That the "free lunch is over" may have become something of a cliche in the IT industry, but the fact is that lately, the increase in cycles per second has been mostly realized by adding more processing units rather than by other techniques. While multiprocessor mainframes and supercomputers existed essentially since the dawn of computing, this may be the first time ever that the only machines without multicore processors may be those in USB fridges and electric toothbrushes.

parallel curves evolvent
Involute of a circle - parallel curves.

This changes the way that even ordinary programs need to be written. The parallelism inherent in the computation can no longer be extracted automatically from the instruction stream, but the programmer herself needs to make it explicit.

To that end, there were historically several approaches.

One possibility is to simply spawn a thread per task, be it a raw POSIX thread or something a bit more high-level, such as a boost::thread or std::thread (if what you are using is, respectively, C++ or C++11). Other possibilities include using MPI, OpenMP, or TBB (Threading Building Blocks).

Which of the above is best will naturally depend on a particular use case. In distributed-memory system, one would inevitably use MPI, in a shared-memory system any of the solutions might make sense.

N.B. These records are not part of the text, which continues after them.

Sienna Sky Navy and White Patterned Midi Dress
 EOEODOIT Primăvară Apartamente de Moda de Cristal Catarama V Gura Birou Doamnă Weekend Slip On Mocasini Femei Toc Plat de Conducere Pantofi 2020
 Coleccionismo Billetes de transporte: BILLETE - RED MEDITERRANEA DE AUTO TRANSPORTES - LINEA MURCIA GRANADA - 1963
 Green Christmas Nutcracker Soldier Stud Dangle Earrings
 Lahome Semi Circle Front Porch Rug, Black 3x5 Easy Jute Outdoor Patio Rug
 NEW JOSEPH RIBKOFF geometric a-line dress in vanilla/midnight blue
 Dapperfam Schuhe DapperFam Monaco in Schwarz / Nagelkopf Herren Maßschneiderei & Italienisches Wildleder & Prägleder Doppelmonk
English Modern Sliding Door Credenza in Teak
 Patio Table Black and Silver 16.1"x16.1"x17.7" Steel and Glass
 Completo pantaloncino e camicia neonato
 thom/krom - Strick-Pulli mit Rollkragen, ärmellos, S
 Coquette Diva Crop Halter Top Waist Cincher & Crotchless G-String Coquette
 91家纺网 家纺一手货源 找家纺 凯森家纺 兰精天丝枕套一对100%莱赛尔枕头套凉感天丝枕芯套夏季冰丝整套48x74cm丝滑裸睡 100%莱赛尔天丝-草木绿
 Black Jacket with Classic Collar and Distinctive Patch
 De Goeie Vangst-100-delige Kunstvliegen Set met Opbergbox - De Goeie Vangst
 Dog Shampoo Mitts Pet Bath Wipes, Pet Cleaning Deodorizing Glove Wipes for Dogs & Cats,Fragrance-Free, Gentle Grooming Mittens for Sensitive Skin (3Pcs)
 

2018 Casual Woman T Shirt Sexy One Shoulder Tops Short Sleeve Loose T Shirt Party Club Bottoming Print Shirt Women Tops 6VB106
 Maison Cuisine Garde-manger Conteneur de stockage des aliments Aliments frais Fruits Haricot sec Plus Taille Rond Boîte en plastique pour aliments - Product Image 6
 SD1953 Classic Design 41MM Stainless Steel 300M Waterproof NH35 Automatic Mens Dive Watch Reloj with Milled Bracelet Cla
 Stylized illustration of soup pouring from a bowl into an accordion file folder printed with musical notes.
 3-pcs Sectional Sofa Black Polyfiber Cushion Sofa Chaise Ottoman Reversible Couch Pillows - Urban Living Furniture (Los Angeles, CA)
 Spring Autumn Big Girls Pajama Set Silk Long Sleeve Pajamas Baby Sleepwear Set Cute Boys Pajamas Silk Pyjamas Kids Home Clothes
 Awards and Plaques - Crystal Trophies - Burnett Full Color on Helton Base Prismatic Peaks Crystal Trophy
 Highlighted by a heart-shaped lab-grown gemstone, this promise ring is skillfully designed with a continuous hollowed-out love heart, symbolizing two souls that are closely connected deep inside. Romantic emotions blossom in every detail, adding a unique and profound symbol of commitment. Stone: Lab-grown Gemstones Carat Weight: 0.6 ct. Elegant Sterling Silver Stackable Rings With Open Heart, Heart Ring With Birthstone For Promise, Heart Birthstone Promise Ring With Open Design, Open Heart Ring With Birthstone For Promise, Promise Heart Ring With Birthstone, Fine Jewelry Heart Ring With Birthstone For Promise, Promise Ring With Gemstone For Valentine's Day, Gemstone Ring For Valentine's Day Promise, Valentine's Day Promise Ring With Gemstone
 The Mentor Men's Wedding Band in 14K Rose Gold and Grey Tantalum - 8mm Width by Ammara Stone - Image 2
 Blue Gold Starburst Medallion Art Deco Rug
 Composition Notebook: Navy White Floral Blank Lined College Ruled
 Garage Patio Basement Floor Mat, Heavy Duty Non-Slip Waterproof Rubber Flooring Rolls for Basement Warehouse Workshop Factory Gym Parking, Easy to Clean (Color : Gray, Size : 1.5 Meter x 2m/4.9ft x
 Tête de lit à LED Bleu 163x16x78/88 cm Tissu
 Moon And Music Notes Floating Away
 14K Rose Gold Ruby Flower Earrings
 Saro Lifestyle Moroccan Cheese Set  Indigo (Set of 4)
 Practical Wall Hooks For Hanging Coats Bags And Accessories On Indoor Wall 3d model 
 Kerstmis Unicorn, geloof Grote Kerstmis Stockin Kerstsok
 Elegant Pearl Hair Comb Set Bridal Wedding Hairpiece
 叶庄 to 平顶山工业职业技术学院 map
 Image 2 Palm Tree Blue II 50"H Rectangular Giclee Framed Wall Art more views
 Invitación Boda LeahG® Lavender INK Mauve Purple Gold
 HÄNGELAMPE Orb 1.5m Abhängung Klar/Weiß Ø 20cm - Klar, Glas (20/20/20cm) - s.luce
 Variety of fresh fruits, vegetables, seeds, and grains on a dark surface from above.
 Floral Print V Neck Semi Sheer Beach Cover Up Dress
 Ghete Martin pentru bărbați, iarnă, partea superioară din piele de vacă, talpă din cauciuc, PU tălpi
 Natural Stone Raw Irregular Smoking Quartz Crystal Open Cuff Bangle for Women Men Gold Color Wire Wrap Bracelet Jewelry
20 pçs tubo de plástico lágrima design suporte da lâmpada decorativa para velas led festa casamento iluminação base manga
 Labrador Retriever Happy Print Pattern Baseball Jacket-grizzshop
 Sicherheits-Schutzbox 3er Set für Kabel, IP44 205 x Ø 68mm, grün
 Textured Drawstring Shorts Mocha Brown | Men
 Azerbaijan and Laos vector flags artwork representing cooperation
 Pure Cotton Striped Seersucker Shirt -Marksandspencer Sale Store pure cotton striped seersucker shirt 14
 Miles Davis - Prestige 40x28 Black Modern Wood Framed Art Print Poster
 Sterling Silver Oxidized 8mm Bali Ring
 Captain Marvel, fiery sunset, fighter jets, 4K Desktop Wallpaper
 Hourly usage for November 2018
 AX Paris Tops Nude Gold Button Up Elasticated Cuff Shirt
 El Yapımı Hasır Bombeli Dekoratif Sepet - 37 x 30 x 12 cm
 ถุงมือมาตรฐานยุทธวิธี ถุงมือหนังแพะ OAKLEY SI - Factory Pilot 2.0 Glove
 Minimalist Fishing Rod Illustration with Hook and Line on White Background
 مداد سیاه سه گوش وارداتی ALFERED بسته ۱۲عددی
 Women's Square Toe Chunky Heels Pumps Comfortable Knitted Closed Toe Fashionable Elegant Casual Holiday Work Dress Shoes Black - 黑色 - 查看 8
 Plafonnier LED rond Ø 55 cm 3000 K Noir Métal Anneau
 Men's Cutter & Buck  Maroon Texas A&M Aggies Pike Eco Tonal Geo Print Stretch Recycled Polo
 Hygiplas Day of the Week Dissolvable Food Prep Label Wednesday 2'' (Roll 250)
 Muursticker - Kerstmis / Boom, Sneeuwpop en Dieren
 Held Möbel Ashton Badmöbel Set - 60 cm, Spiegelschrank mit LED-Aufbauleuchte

TBB in particular is a relatively young and relatively high-level C++ template library. Using TBB, a user expresses their problem in terms of separate tasks, and then lets TBB schedule tasks to threads running on available processors.

Parallel tasks in TBB

TBB presents both high-level, easy-to-use constructs, and low-level ones, where a user can tune and configure the parallelization approach to their liking.

On the high end of abstraction, TBB provides tbb::parallel_for and tbb::parallel_reduce, which split a workload in a configurable way across several tasks automatically. For example, here with inline C++11 lambda that makes this construct very comfortable to use:

Items items[...];
size_t nitems = sizeof (items) / sizeof (*items);
some_init (items, nitems);

tbb::parallel_for (tbb::blocked_range<size_t> (0, nitems),
[&] (tbb::blocked_range <size_t> const &r) {
for (size_t i = r.begin (); i != r.end (); ++i)
do_stuff (items[i]);
});

For less straightforward loops, TBB has two tools tbb::parallel_do, and tbb::parallel_pipeline.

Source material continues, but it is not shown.